Improve the sound of very low-level audio passages with dithering
OBJECTIVE: When converting a high bit resolution file to a low bit resolution file, use dithering to avoid unpleasant artifacts caused by truncating bits.
BACKGROUND: Converting from a higher bit resolution to a lower one truncates (removes) the extra bits. However, this can create distortion at low levels, as there are fewer bits of resolution. Dithering adds noise to very low-level signals to minimize the audible effects of this distortion. Applying dithering is common when converting from 24-bit or higher resolution to the 16-bit resolution required by CDs, but is applicable any time you need to convert from a higher bit resolution to a lower one.
1. If your project doesn’t already include a master fader track, create one by going Track > New and specifying a stereo Master Fader.
2. Select a destination for the Master Fader. Any audio arriving at this destination will be included in the dithered file.
3. Assign all outputs for tracks you want included in the dithered file to the same assignment as the Master Fader.
4. Click on the last Master Fader insert, and go Multichannel plug-in > Dither > POWr Dither (stereo).
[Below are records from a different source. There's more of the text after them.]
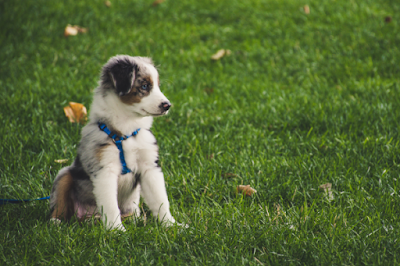 A fluffy grey and white Australian Shepherd puppy is wearing a blue harness and sitting on grass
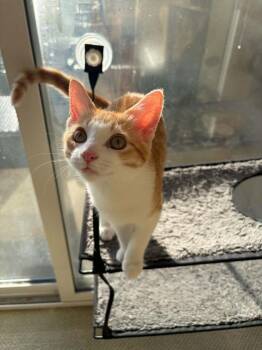 Cheddar XII -  Domestic Short Hair Cat for Adoption in Muskegon, Michigan - Cheddar XII | PetCurious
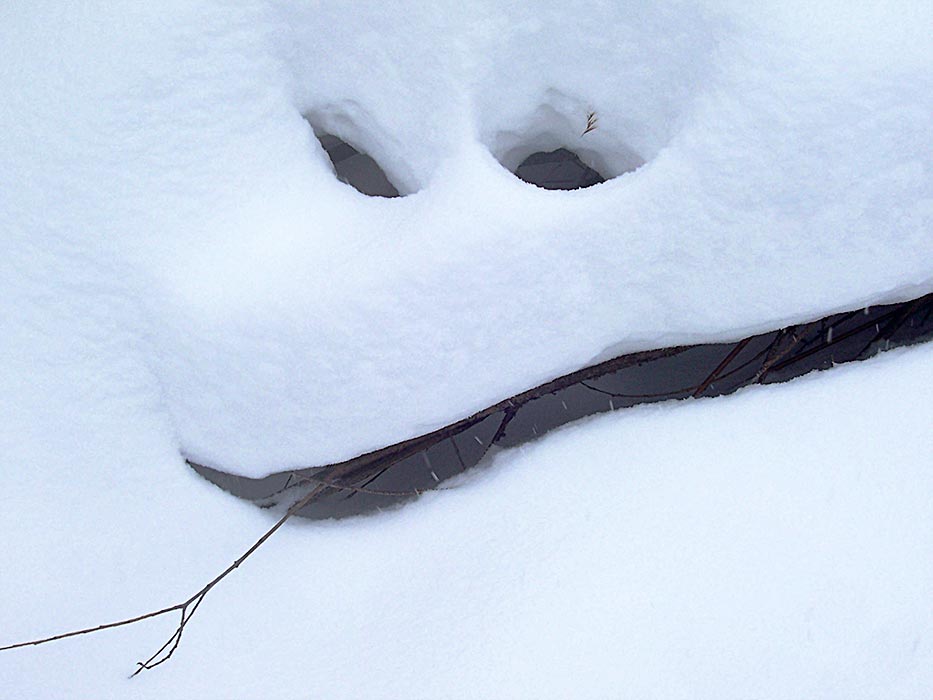 masyanya.reinkarnatsiya.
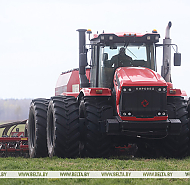 В Беларуси засеяна четверть площадей яровых культур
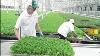 Amazing Greenhouse Kale Production Hydroponics High Tech Farming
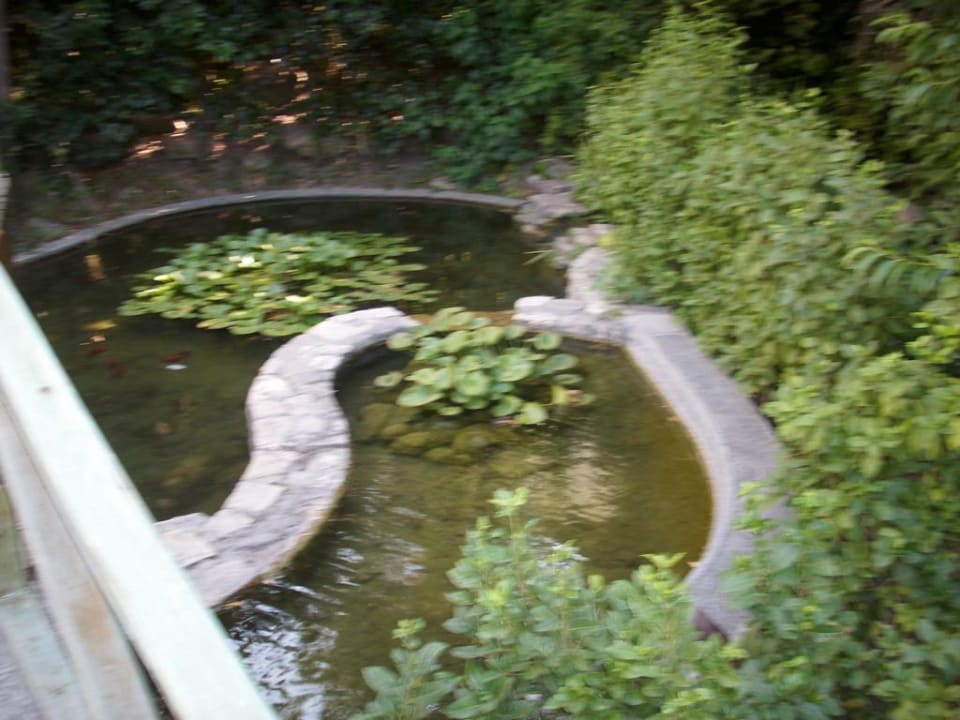 Hotelteich Asteria Collection Side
5. Choose the desired options for the POWr Dither plug-in. When the object is to create a CD-compatible file, choose 16-bit for Bit Resolution; for Noise Shaping, Type 2 or 3 works well for pop mixes.
6. To bounce the file to the lower resolution and dither it, go File > Bounce To > Disk. In the Bounce dialog box that appears, specify the Bounce Source, File Type, and assuming you want to create a CD-compatible file, select Stereo Interleaved for Format, 16 for Bit Depth, and 44.1kHz for Sample Rate. Click on Bounce to create your converted and dithered file.
¦ In Step 1, do not create an Aux Input track. The Master Fader inserts are post-fader, which is important when using dithering plug-ins.
¦ In Step 5, under Conversion Options, Convert After Bounce is the preferred option for producing the most accurate results. Pro Tools bounces at the highest possible resolution to a temporary file, then does bit depth conversion and dithering to this file, writes the result to disk, and finally, deletes the temporary file.